§ **Task**
The entries below are to be written out exactly, with no images included.

§ **Records for this task**

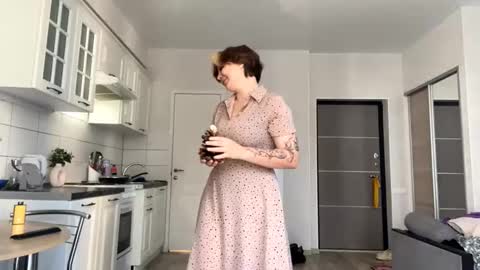Snapshot of mingjorgenson chatting on October 3, 2025, 11:51 am Luna Moon online show from October 3, 2025, 11:51 am
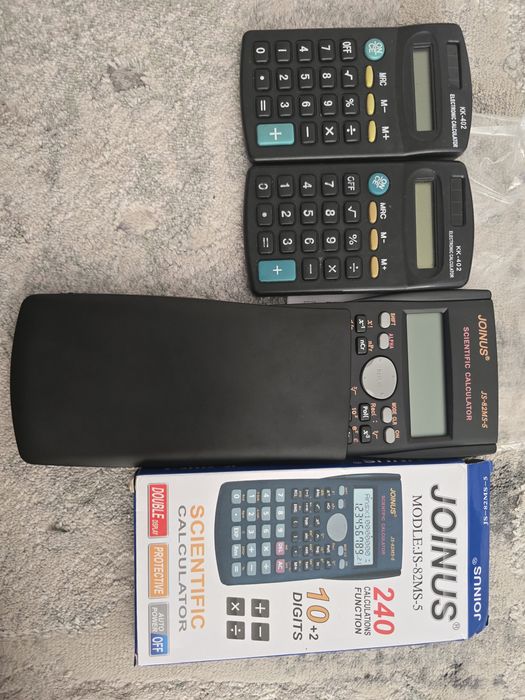 Vand calculatoare cu incarcare solară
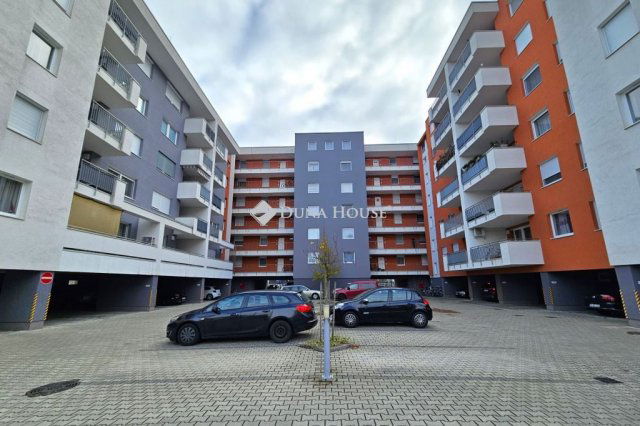 Kiadó téglalakás, albérlet, Győrött 340 E Ft / hó, 4 szobás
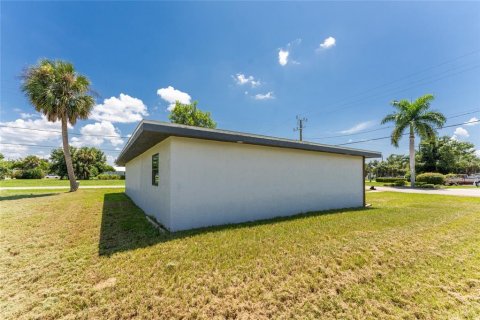 Commercial property in Punta Gorda, Florida 114.46 sq.m. № 1339880 - photo 30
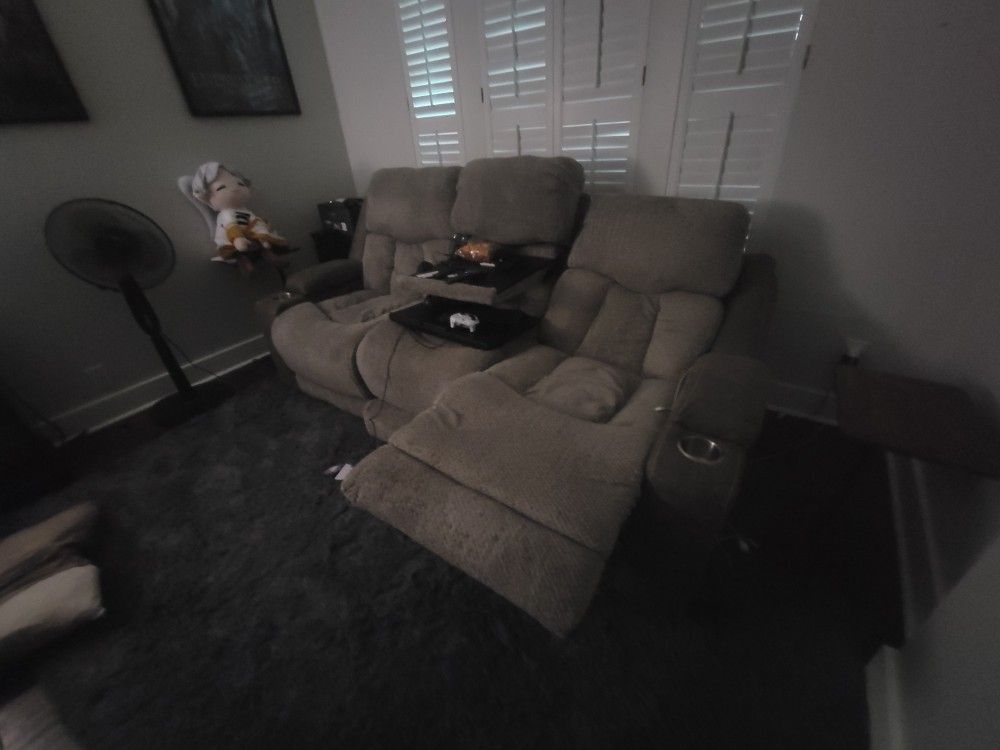 Denali Dual Power Sofa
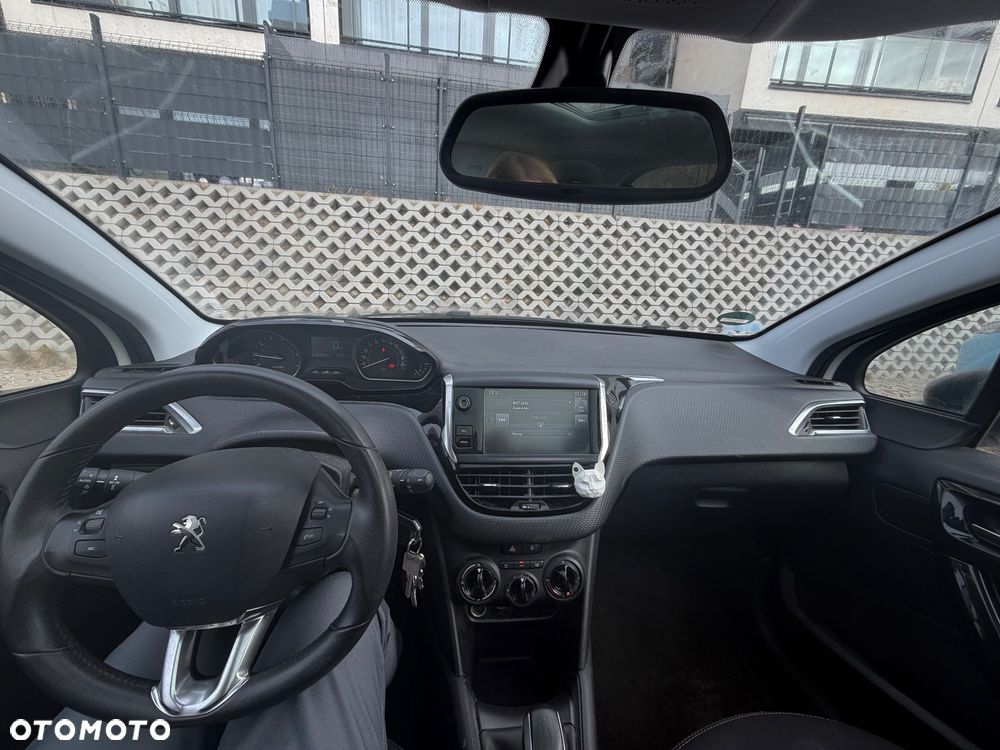 Peugeot 208 1.2 PureTech Style - 6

§ **Reply to the exercise**
Snapshot of mingjorgenson chatting on October 3, 2025, 11:51 am Luna Moon online show from October 3, 2025, 11:51 am
 Vand calculatoare cu incarcare solară
 Kiadó téglalakás, albérlet, Győrött 340 E Ft / hó, 4 szobás
 Commercial property in Punta Gorda, Florida 114.46 sq.m. № 1339880 - photo 30
 Denali Dual Power Sofa
 Peugeot 208 1.2 PureTech Style - 6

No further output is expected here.